=== Material for this exercise ===
※ ※ ※
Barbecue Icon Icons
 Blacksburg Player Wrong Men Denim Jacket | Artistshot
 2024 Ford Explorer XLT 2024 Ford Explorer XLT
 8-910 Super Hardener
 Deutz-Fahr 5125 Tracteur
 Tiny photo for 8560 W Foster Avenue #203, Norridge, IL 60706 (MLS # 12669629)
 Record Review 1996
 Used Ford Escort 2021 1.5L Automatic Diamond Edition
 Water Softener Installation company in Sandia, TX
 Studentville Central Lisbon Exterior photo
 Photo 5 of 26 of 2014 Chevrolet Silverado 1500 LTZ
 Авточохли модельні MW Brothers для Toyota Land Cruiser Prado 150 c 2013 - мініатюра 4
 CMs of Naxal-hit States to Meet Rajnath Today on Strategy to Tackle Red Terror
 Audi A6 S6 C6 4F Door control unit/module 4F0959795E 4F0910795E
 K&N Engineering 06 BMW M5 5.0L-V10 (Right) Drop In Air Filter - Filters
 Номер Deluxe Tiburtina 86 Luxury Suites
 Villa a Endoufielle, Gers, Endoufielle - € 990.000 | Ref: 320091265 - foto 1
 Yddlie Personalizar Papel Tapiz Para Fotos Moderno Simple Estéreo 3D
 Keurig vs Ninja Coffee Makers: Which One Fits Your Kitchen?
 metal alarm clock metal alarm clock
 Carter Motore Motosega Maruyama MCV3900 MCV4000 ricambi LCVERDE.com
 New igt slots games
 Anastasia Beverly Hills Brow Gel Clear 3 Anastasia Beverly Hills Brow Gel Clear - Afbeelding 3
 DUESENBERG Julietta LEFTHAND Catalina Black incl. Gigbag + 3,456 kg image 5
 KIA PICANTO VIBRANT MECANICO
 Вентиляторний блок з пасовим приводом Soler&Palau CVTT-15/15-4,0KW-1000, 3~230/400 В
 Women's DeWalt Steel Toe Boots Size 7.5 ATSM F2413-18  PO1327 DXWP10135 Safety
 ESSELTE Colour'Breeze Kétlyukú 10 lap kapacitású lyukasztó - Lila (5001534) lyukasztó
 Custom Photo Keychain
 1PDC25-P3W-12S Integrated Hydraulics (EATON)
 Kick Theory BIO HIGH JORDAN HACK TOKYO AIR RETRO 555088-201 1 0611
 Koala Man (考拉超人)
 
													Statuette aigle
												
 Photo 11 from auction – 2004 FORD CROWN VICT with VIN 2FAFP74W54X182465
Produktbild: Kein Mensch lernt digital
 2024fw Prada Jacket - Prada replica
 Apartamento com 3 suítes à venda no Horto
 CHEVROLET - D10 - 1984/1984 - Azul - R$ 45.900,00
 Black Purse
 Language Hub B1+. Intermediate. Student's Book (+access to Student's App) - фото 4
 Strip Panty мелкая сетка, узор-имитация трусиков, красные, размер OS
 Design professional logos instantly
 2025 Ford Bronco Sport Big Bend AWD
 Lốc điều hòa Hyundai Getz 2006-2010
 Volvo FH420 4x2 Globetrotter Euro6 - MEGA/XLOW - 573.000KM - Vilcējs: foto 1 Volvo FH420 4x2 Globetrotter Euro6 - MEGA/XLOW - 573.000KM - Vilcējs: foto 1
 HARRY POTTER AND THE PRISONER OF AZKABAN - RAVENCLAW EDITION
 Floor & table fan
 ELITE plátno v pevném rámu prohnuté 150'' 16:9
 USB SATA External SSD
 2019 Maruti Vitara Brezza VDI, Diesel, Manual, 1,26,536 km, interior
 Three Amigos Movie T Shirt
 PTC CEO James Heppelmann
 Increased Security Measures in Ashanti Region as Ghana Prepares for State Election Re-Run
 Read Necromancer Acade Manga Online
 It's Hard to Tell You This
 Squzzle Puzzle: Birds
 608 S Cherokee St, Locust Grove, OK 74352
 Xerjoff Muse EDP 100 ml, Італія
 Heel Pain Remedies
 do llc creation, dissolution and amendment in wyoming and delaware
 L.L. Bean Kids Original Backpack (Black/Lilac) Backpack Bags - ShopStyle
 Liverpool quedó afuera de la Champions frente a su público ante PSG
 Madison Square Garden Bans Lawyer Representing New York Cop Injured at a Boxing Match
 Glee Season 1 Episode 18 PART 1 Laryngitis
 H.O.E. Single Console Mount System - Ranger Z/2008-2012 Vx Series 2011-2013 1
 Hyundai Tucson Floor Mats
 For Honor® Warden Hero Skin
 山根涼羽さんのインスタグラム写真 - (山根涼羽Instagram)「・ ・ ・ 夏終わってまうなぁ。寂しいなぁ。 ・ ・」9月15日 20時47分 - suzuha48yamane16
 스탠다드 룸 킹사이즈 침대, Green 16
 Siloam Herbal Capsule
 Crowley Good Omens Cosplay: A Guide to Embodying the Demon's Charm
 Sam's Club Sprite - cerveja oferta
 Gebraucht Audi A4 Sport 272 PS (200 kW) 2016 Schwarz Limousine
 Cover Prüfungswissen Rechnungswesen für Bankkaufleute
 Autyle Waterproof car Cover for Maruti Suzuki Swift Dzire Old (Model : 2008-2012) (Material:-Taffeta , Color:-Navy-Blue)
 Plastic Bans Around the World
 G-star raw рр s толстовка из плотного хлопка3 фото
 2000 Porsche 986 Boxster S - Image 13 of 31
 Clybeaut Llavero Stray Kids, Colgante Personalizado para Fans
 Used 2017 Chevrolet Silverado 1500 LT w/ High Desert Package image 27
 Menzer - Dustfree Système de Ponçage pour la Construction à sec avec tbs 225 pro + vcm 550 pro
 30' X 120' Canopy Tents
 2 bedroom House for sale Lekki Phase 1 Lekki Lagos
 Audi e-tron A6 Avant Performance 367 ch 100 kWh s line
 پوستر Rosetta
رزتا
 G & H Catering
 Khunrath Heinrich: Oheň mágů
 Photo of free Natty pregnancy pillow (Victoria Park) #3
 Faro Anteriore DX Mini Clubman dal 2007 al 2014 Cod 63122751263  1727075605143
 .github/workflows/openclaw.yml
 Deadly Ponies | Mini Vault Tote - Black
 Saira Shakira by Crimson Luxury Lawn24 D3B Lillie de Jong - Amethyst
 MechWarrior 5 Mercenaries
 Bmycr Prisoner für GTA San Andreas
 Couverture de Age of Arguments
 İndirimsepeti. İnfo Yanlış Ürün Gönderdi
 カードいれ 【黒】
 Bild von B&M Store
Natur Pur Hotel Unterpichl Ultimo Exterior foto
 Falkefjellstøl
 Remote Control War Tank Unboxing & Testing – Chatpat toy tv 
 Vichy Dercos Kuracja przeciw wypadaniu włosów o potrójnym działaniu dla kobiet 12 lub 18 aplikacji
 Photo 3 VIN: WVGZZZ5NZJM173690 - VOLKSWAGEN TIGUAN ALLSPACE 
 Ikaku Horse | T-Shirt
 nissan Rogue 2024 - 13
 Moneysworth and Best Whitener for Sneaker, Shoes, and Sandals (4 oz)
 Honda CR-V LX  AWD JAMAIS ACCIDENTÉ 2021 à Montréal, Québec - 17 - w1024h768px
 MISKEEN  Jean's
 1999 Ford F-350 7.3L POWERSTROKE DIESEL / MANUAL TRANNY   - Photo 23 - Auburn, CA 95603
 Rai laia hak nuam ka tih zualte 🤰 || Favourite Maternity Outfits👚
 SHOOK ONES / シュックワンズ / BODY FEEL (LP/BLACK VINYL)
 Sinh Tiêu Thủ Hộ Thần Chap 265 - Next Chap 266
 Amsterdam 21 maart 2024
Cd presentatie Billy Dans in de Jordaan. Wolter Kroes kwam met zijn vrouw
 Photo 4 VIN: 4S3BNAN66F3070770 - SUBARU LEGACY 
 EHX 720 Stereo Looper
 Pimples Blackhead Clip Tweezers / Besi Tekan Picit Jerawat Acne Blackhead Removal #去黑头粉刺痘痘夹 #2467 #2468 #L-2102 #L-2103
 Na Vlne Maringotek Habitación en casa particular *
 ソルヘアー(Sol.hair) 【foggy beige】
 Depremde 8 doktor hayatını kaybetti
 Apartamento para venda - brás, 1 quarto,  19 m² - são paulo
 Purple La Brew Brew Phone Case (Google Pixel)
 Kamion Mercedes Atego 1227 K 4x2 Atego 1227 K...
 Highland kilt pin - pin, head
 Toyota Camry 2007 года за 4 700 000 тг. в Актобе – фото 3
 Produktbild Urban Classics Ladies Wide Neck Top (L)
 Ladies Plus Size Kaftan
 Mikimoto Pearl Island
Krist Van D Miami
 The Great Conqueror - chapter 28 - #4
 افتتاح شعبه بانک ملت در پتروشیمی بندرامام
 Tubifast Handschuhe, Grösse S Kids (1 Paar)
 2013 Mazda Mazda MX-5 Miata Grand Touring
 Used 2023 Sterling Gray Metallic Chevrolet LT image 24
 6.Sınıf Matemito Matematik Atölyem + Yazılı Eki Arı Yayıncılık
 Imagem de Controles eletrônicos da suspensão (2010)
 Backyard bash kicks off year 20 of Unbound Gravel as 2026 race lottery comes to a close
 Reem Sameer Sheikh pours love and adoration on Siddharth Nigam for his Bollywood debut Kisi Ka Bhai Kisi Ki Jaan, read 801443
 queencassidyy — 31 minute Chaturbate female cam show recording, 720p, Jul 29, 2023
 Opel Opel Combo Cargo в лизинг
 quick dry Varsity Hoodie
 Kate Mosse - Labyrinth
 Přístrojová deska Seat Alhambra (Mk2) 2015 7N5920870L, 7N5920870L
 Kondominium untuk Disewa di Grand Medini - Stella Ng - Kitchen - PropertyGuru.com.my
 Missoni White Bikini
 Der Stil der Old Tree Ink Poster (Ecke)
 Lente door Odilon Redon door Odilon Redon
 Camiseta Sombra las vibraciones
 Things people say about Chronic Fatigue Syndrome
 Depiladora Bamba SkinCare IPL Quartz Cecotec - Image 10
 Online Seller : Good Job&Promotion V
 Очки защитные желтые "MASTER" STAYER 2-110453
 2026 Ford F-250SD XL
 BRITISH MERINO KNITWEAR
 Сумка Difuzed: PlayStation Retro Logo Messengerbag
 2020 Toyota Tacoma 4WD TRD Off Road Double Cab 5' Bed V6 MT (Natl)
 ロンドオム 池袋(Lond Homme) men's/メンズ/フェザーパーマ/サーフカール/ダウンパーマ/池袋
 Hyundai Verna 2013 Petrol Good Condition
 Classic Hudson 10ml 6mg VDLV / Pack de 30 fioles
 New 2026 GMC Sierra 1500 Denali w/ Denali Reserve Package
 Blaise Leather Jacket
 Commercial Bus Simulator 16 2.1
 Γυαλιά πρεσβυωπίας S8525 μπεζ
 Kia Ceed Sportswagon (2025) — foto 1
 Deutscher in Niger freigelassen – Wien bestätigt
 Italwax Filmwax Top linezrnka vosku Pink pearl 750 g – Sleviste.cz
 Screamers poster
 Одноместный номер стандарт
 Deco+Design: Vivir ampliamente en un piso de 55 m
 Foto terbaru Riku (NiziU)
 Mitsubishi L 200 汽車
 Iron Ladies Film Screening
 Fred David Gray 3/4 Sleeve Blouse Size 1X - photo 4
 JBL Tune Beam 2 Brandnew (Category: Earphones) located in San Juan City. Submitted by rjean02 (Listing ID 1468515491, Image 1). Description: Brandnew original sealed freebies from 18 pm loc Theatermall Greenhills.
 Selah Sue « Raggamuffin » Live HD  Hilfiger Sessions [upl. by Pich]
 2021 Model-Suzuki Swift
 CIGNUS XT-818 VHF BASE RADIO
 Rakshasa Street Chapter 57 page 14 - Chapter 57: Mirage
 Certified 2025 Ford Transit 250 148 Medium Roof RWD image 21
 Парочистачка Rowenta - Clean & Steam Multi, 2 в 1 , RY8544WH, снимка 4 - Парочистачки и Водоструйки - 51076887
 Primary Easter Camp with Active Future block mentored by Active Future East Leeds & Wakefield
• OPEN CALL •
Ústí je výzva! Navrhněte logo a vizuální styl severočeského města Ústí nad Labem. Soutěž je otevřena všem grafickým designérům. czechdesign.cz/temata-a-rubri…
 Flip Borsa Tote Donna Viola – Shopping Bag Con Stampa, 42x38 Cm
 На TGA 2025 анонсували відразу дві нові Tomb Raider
※ ※ ※
=== Problem to solve ===
For each line above that holds the string "Hyundai", provide a copy of that line.

=== Solved problem ===
 Lốc điều hòa Hyundai Getz 2006-2010
 Hyundai Tucson Floor Mats
 Hyundai Verna 2013 Petrol Good Condition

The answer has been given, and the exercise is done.